The signs that Americans are driving less are everywhere. From headlines such as, "Gas Prices Spur Drivers to Cut Use to Five-Year Low", to increasing ridership on mass-transit systems and TV news segments on the growing numbers of folks bicycling to work, we see $4 gasoline doing what $3 fuel didn't: deliver a meaningful conservation response. But before we pat ourselves on the back for the DOE report that gasoline demand has fallen by 3% compared to last year, we should review a somewhat longer stretch of our recent history of fuel consumption and vehicle miles traveled. It suggests that the current decline, abetted by a weak economy, barely scratches the surface of our per-capita fuel consumption increase since 1995.

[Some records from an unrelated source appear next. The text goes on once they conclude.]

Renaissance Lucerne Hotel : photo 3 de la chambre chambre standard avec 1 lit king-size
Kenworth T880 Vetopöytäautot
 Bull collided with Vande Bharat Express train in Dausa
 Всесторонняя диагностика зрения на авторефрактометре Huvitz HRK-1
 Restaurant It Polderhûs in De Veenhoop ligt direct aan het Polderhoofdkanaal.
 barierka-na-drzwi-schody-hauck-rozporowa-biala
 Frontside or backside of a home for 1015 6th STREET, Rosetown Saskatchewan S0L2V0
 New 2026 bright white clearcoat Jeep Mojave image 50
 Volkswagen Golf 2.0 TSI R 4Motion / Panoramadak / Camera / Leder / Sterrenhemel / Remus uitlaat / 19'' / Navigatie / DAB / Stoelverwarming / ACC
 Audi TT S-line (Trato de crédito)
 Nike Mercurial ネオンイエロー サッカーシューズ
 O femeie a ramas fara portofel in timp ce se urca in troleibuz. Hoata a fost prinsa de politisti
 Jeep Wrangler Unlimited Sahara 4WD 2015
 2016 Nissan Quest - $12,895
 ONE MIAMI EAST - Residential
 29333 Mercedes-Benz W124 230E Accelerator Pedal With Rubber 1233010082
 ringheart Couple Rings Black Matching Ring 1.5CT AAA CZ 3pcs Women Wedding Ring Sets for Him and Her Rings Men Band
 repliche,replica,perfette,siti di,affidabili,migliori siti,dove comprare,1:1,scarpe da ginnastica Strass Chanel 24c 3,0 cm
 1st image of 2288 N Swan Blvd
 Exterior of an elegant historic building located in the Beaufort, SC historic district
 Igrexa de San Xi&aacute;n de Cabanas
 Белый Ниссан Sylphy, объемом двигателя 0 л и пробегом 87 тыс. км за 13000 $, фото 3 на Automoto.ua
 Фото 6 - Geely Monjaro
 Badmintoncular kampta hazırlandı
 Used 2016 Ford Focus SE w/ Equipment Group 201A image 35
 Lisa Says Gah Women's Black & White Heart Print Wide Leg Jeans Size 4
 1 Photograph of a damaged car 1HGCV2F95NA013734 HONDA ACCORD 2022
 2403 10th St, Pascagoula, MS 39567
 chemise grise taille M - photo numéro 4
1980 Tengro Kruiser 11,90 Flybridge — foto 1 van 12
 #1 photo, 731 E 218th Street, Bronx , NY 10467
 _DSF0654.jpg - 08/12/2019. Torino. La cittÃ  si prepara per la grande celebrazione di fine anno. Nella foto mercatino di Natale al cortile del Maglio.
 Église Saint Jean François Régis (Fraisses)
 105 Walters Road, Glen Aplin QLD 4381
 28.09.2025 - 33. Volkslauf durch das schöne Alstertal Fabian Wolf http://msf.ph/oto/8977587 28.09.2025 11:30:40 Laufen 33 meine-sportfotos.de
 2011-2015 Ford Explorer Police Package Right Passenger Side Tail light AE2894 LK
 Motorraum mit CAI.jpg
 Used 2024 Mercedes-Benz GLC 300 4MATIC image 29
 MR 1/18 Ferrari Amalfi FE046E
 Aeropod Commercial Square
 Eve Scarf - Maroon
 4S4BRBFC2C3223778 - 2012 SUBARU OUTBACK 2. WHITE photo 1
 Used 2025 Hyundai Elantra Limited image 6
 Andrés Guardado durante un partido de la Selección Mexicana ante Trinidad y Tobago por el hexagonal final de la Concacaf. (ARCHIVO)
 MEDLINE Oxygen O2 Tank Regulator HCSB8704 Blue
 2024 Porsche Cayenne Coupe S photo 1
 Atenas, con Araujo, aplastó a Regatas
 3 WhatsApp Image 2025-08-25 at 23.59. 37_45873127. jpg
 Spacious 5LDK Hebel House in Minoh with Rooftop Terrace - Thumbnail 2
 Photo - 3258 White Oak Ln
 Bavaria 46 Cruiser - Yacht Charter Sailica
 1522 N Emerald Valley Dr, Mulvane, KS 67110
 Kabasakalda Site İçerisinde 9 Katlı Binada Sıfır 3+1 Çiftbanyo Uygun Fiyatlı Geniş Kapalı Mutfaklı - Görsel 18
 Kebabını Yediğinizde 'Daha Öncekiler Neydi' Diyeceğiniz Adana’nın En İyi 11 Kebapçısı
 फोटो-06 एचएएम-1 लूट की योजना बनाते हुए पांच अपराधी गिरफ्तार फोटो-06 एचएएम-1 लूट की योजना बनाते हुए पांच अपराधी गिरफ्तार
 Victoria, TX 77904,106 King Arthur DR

Conventional wisdom blames the SUV fad for most of the increase in US oil consumption in the last decade or so. But while rising sales of large SUVs in that period certainly helped to stall the positive trend of passenger car fuel economy, the bigger culprit has been the heretofore steady growth in vehicle miles traveled (VMT.) Between 1995 and 2005 this statistic grew by 23%, slightly more than the 21% increase in gasoline and diesel fuel consumption, and ahead of the 19% expansion of our car and light truck fleet. By comparison, during this period the US population grew by about 13%. In other words, Americans have been driving more cars, and on average driving them farther each year, than in 1995, accounting for more of the accompanying increase in fuel consumption than SUVs. This year's 2% decline in VMT compared to last year's record figure only erases part of the roughly 10% per capita growth of average annual miles driven since 1995. If we unraveled the rest of that growth, we could reduce US gasoline consumption by another 8% without any contribution from the higher fuel economy of the new cars consumers are now choosing. That equates to more than twice as much oil as our use of ethanol will save this year.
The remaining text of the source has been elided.